E ora cosa le dico, a quella cui avevo spiegato, tutta entusiasta, che basta provare. Che sì, hai meno possibilità, certo, ma basta aumentare i tentativi per tornare al pari degli altri.
E’ così rassicurante pensare che dipende da te.

Qualche anno fa, andai a trovare un’amica, mentre stava facendo un campo di volontariato. La casona si allargava su un colle, immersa nel verde, con vista sulle vallate. Gli altri andavano a letto troppo presto; così, una notte, rimasi nel parco finché non spensero tutte le luci. Trovai un punto da cui abbracciare bene il buio, e rimasi a domandarmi da che parte stavo.
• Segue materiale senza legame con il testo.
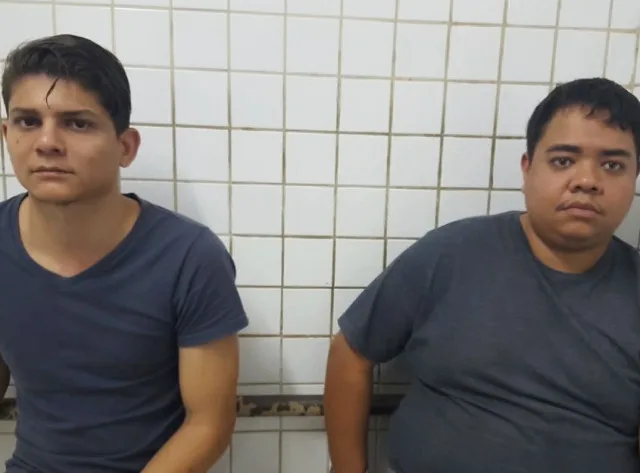 Carros apreendidos são alvos de furto e dois são presos na Serra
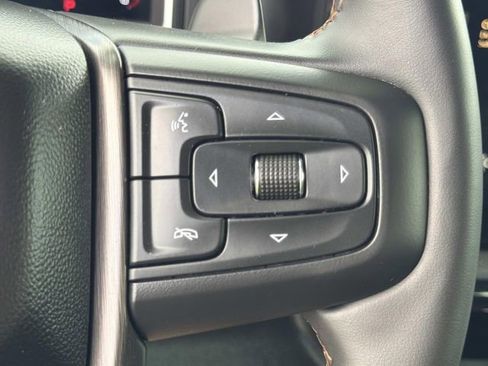 Used 2023 GMC Sierra 1500 AT4 w/ Technology Package AWD/4WD image 31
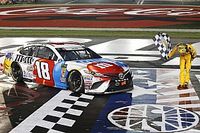 Kyle Busch gana por primera vez en Charlotte 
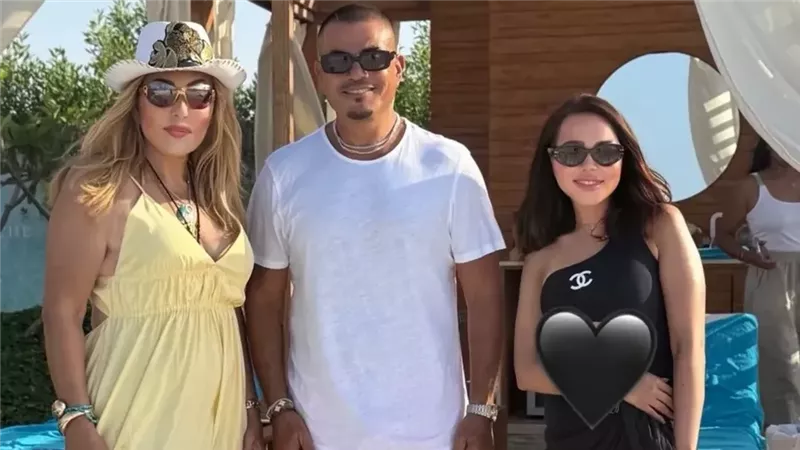 أسما إبراهيم وعمرو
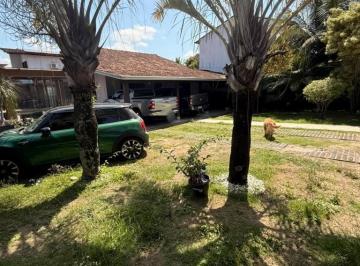 Foto 01 · Maravilhosa Casa para Locação em Guarapari-ES, Itapebussu: 3 Quartos, 3 Suítes, Área Gourmet, Piscin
Avevo visto, quel giorno, decine di senza speranza -- dove senza speranza non è una qualunque frasina pietosa, ma la descrizione esatta di uno status: quello di chi non sarà mai amato.
Matti, molti; prigionieri del corpo, altri -- i più angoscianti. Sapevo che, per la società, avevo qualcosa in comune con loro, potevano anzi chiamarmi con lo stesso nome. Ma la realtà è più variegata e io non sapevo fin dove arrivava l’insieme intersezione tra me e loro. Non sapevo se era così grande da contenere anche quella dis-perazione, e mi tormentavo cercando di tracciare il confine. Di qua -- i salvati -- o di là -- i sommersi. E io?
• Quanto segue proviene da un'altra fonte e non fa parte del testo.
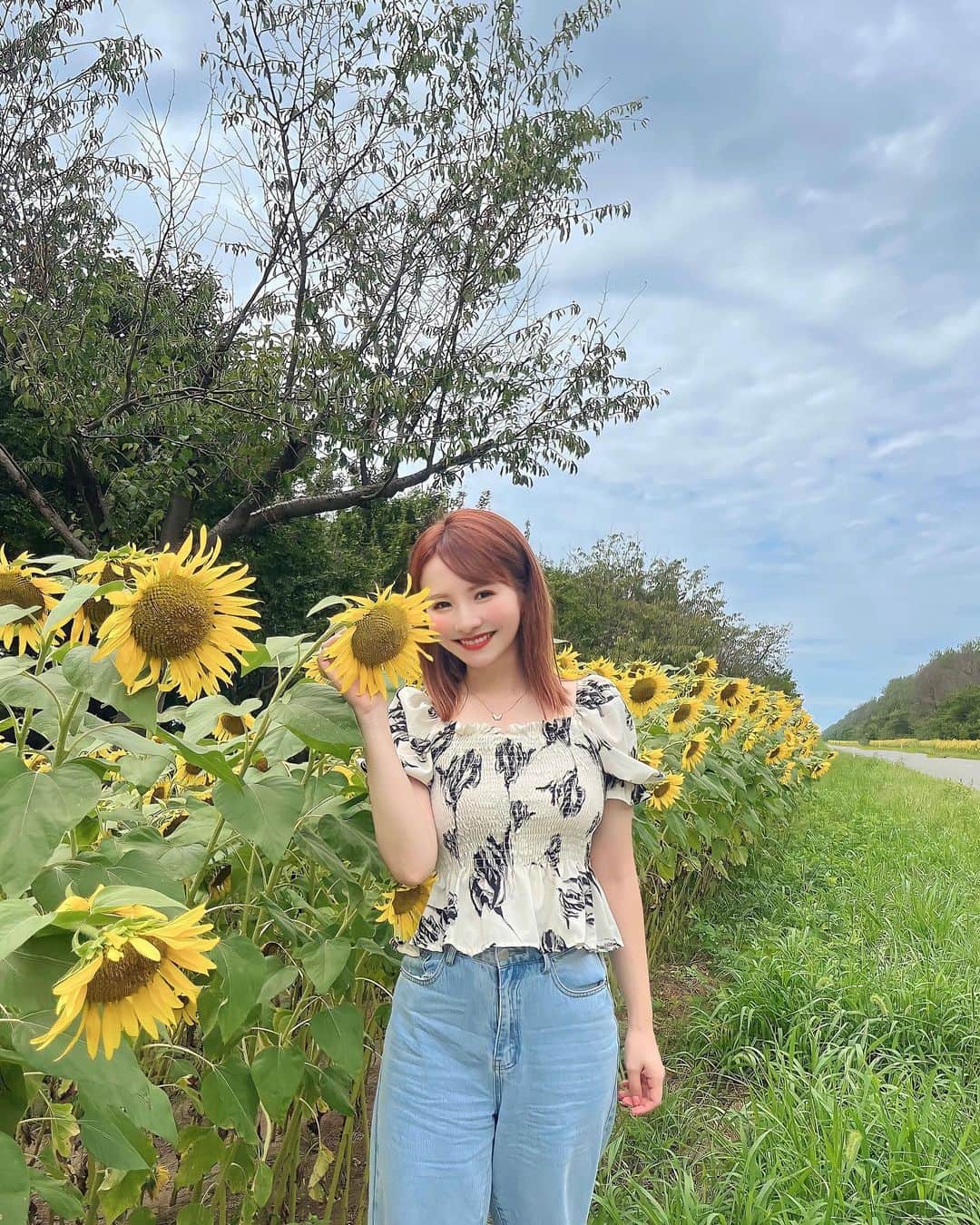 小林真琴のインスタグラム：「. ひまわりロード🌻💛  #ひまわり #菜の花ロード #大潟村 #秋田 #秋田県」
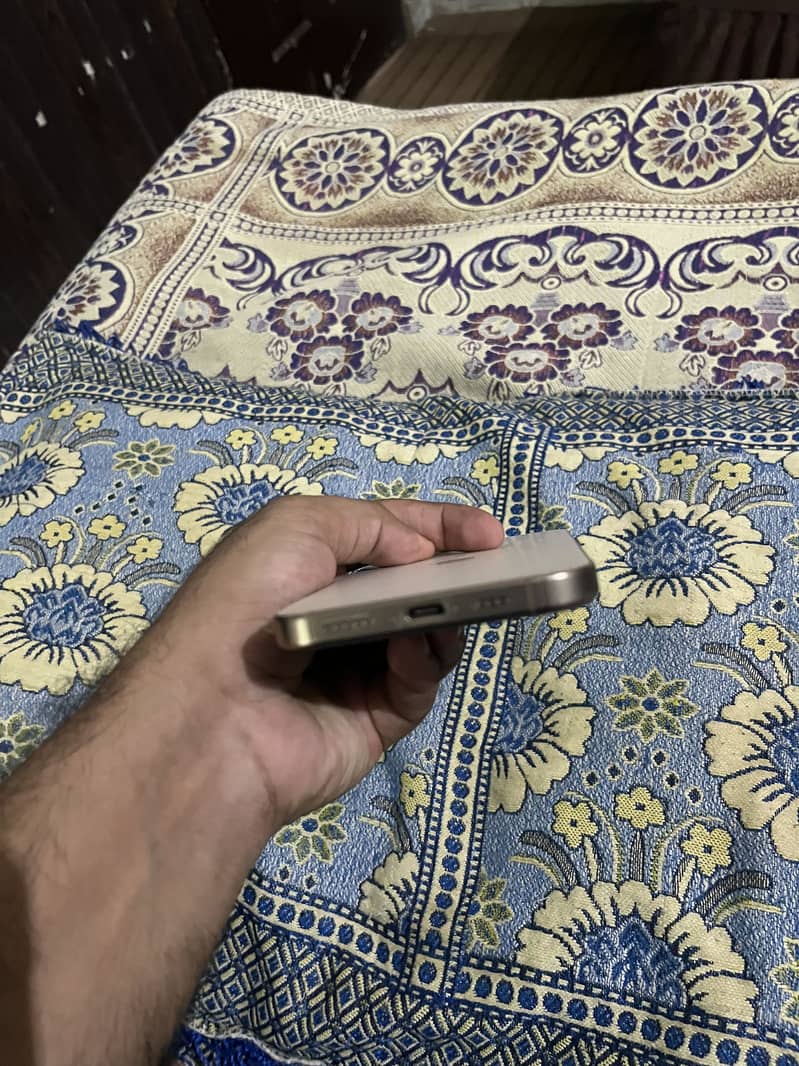 Apple iPhone 16 Pro Max 5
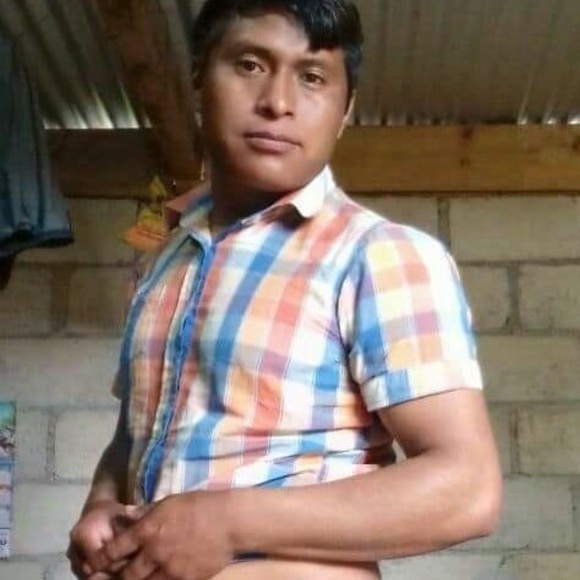 Profile Picture of Joel Anzaldua (@anzaldua25) on Poshmark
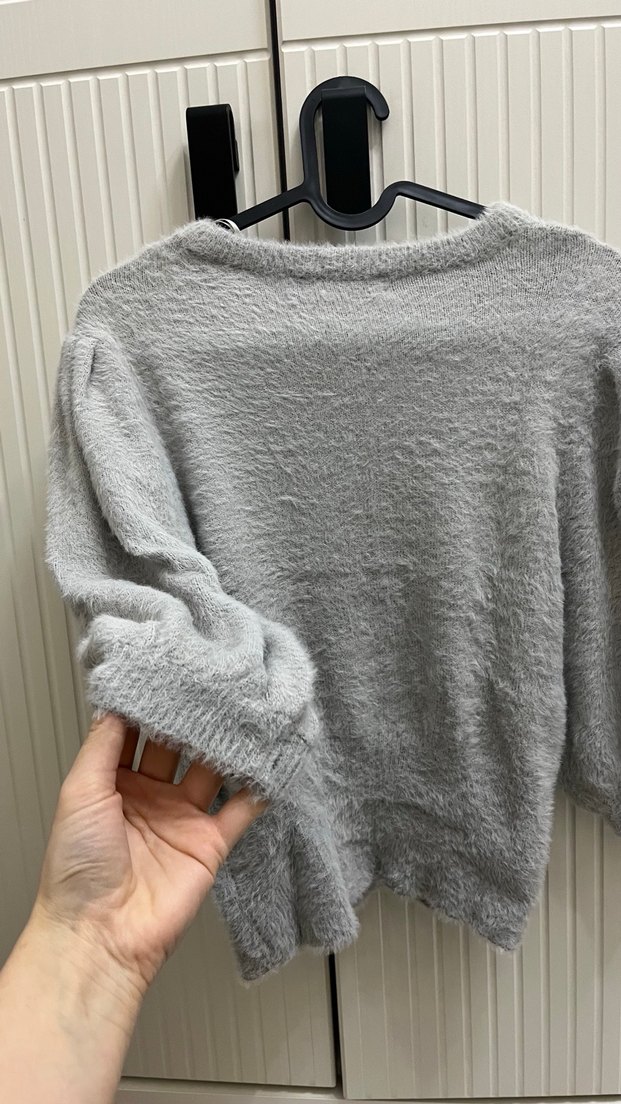 Gri Kadın Triko Yuvarlak Yaka Kazak - Görsel 4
Ti salverai, andrei a dirmi, se potessi ritrovarmi in quella notte. Sarai amata. Siederei accanto a me stessa, affacciata sul nero butterato di luci, e mi consolerei.
Allora lei mi sorriderebbe, credo, ma di gioia agghiacciata. Come le offrissi l’ultimo posto su una scialuppa, mentre il resto della nave affonda.

E ora cosa le dico, all’altra passeggera. Scusa, sai, ti hanno anche osservata per un po’, ma poi hanno scelto me, per questo posto in salvo -- e non è che me lo meritassi, no, non ho fatto assolutamente nulla, sono solo più fortunata per nascita, per caso.

Una fortuna, fra l’altro, da ridecidere ogni giorno. Una monetina caduta dal lato sbagliato e, tac, eccomi d’un colpo di là del confine. I normodotati rimuovono il rischio, di solito. Sono così sicuri del proprio corpo da non figurarsi mai l’eventualità di perderlo, ferirlo -- come se non fosse poi certo, che, presto o tardi, si acciaccherà.
Ma io conosco la precarietà. Ho assaggiato la perdita improvvisa di qualche pezzo di me stessa, e ho visto bene -- ma dai -- che, anche senza quel pezzo, me stessa rimane sempre lei. Che c’è un filo a tenere assieme i miei fragili frammenti, e non importa quanti ne perderò, perché io sono il filo.

Ma il filo è nascosto, e nessuno lo nota. Sorride se qualcuno si affeziona ai pezzi che trattiene, al suo travestimento; a volte però piange, aspettando -- forse invano -- chi potrebbe amarlo anche da solo.